## WHAT YOU NEED TO DO
Print every entry exactly as it appears, but skip the pictures.

## EXTRACTED DATA
****

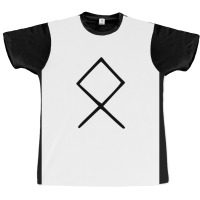 Viking Norse Rune Othala Simple Black Amp White  Aesthetic Girl Graphic T-shirt | Artistshot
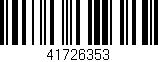 Código de barras (EAN, GTIN, SKU, ISBN): '41726353'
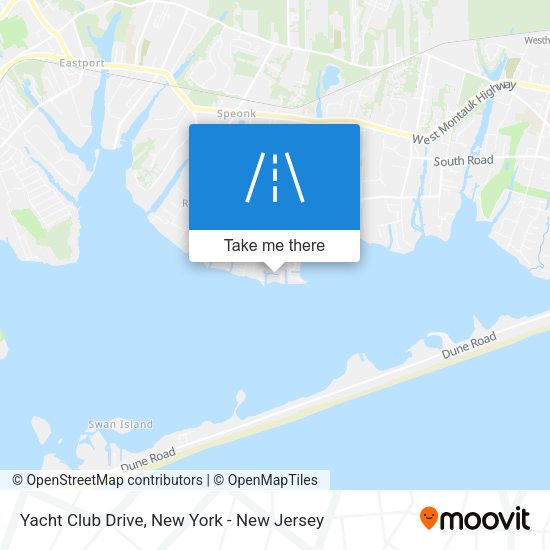 Yacht Club Drive map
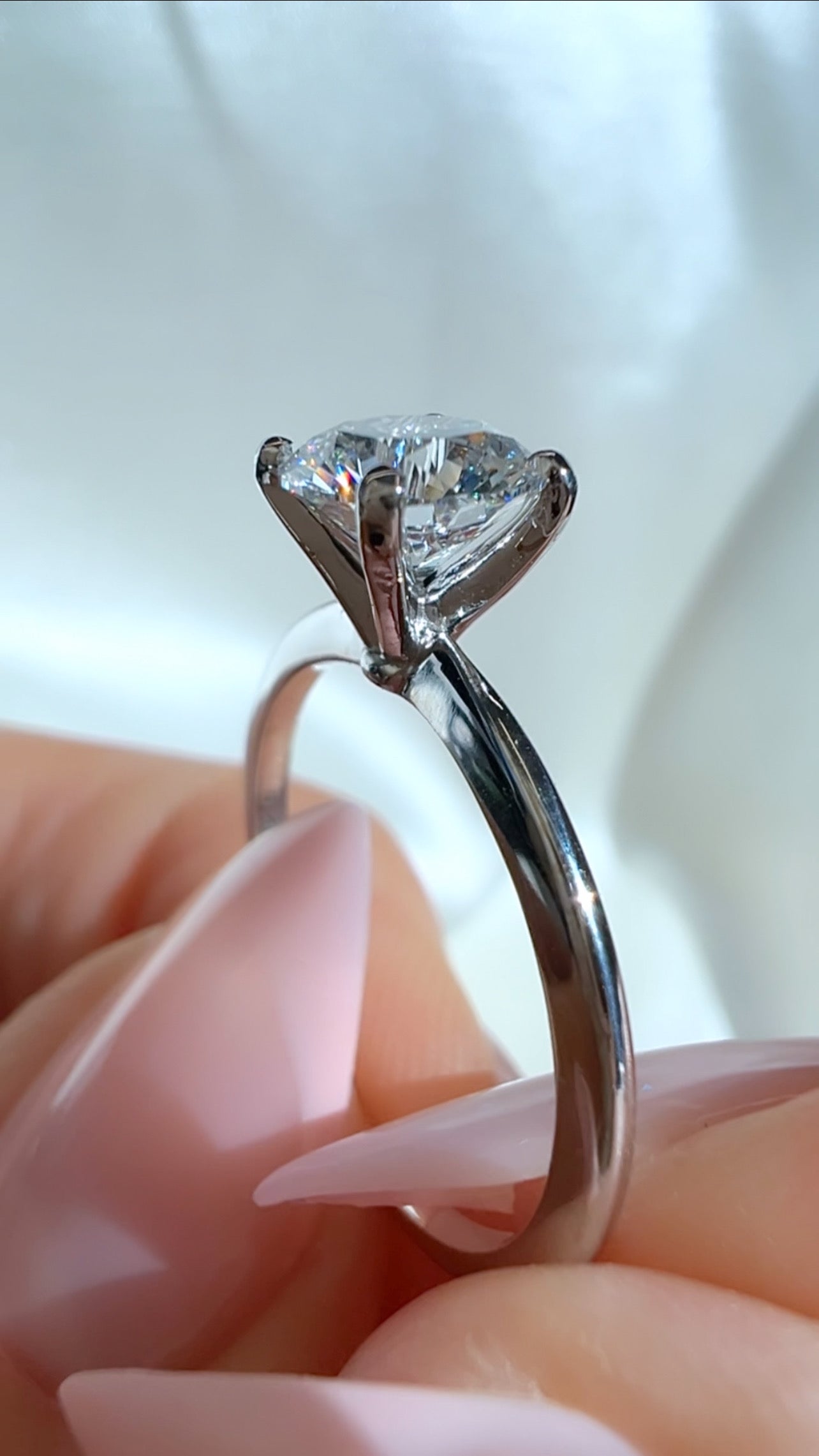 1.26CT Round Brilliant Cut Lab Diamond Solitaire Ring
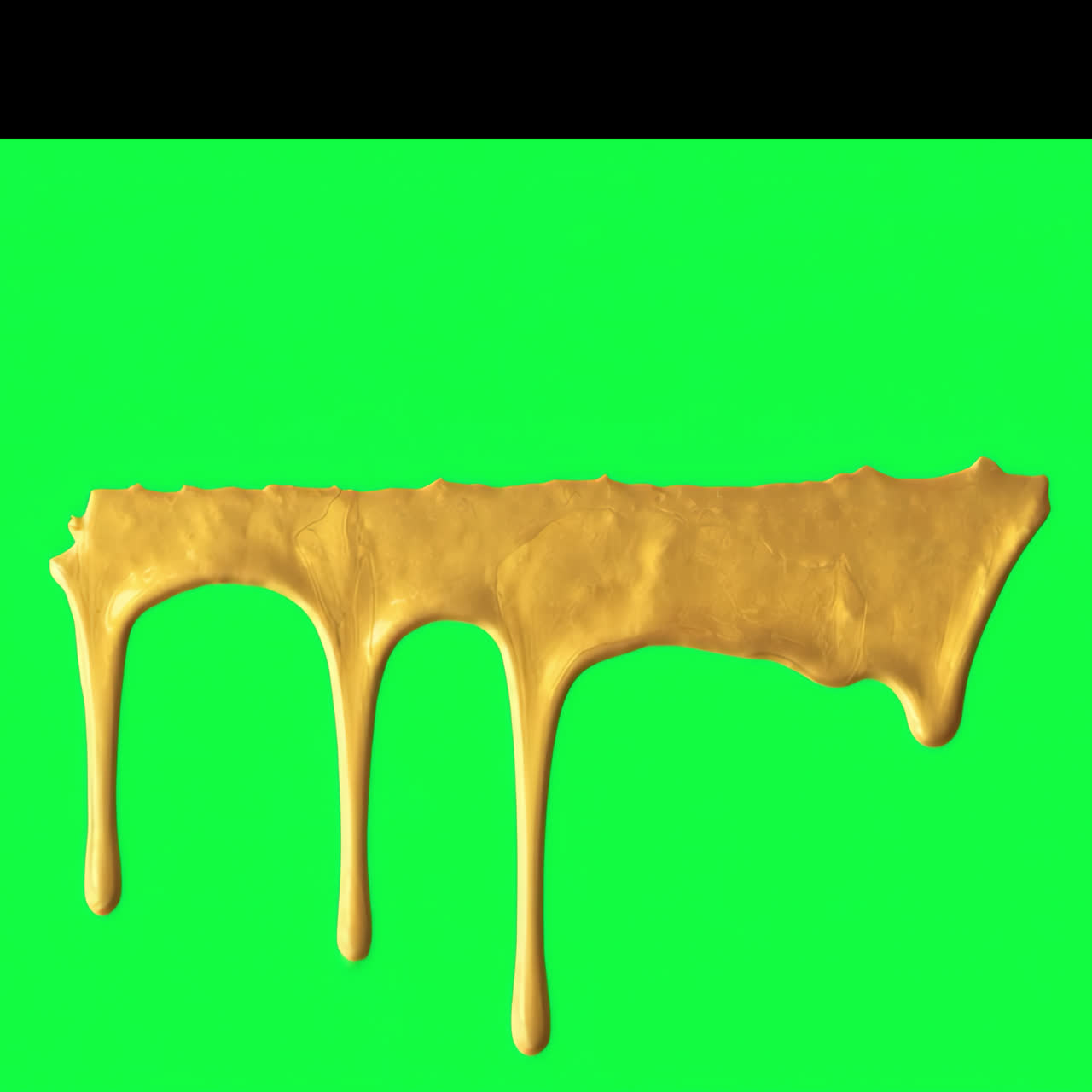 Animación superpuesta de arte líquido dorado goteando, vídeo 4K transparente, canal alfa, ProRes 4444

****

## OUTPUT BELOW
 Viking Norse Rune Othala Simple Black Amp White  Aesthetic Girl Graphic T-shirt | Artistshot
 Código de barras (EAN, GTIN, SKU, ISBN): '41726353'
 Yacht Club Drive map
 1.26CT Round Brilliant Cut Lab Diamond Solitaire Ring
 Animación superpuesta de arte líquido dorado goteando, vídeo 4K transparente, canal alfa, ProRes 4444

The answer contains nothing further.